Perché non è solo una bambola. È un simbolo di tenerezza e giustizia. È una risposta dolce e dura allo stesso tempo, contro la violenza, l’omertà e l’indifferenza.
Serena aveva 18 anni quando è stata strappata alla vita. Un’età in cui si sogna, si ama, si litiga col mondo e si crede nel domani. E invece, quel domani per lei non è mai arrivato. Il corpo ritrovato nel bosco, lo scotch sul volto, i dettagli che ancora oggi fanno rabbrividire. E poi il dolore, lungo 24 anni, di una famiglia – in primis suo padre Guglielmo – che ha avuto il coraggio di non accettare il silenzio.

A distanza di quasi un quarto di secolo, siamo ancora qui a parlare di un processo che ricomincia da capo, di verità sfuggenti, di giustizia a passo lento. La Cassazione ha annullato le assoluzioni. Il 22 ottobre 2025 a Roma riparte tutto. In questo contesto, la pigotta con il volto di Serena è una carezza che brucia. Una bambola che non gioca, ma resiste. Che non consola, ma testimonia. È il segno che le nuove generazioni non vogliono più voltarsi dall’altra parte, che sanno che dietro ogni nome c’è una storia, e che ogni storia negata è una ferita collettiva.
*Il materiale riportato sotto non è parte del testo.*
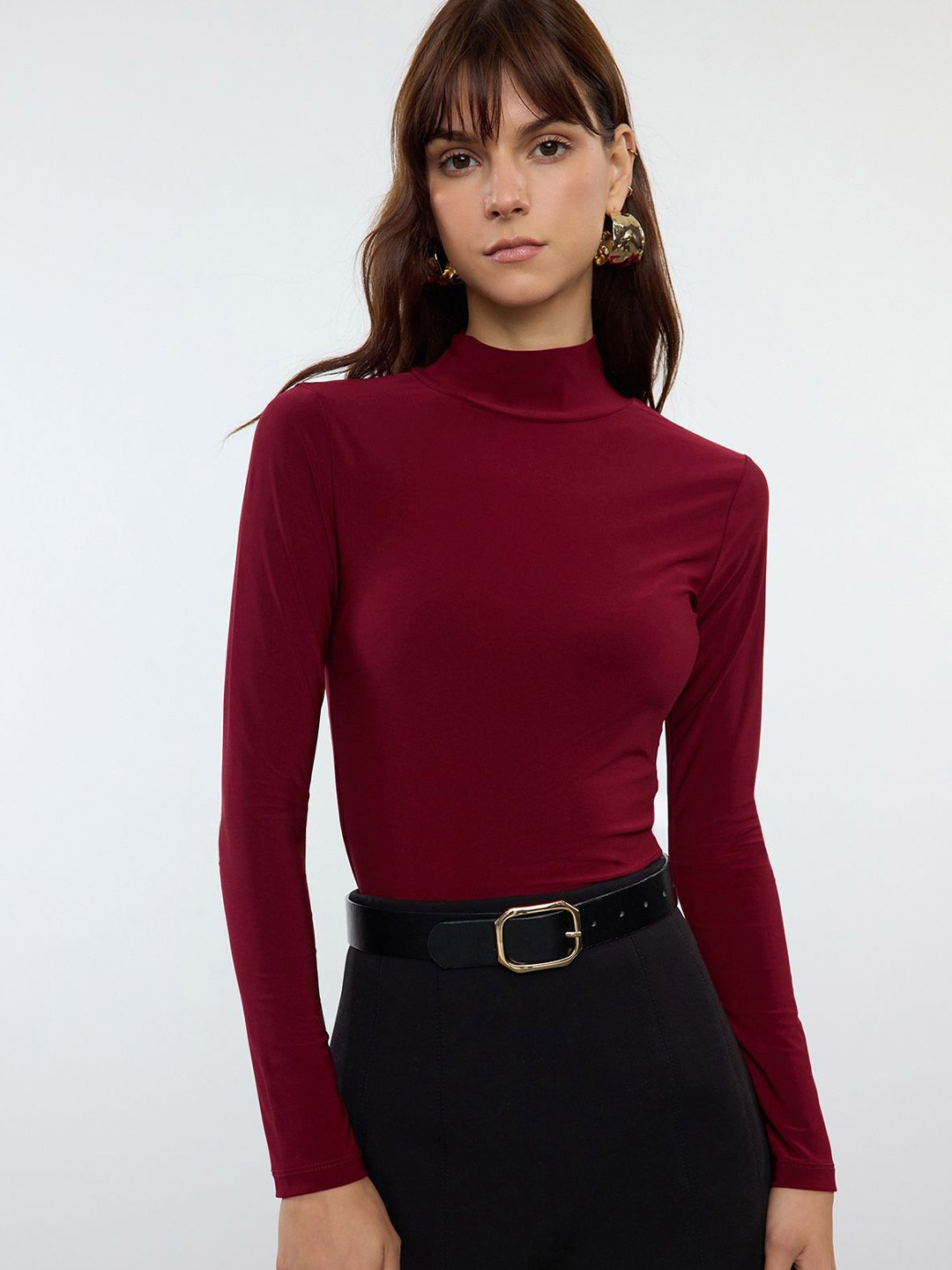 

Trendyol Women Fitted Top, Na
Quella pigotta aiuterà i bambini poveri del mondo. E nel farlo, restituirà a Serena ciò che le è stato tolto: la possibilità di essere utile, di lasciare un’impronta, di essere madre, sorella, esempio. È una bambola, sì. Ma anche una piccola sentinella che veglia sulla memoria, sulla giustizia, sui diritti dei bambini. E oggi, grazie a quell’iniziativa voluta dal comitato provinciale Unicef di Frosinone e condivisa con la cugina Gaia Fraioli, la comunità di Arce e non solo può dire che Serena non è stata dimenticata. E non lo sarà. Finché ci sarà qualcuno capace di cucire a mano un volto per ricordarla.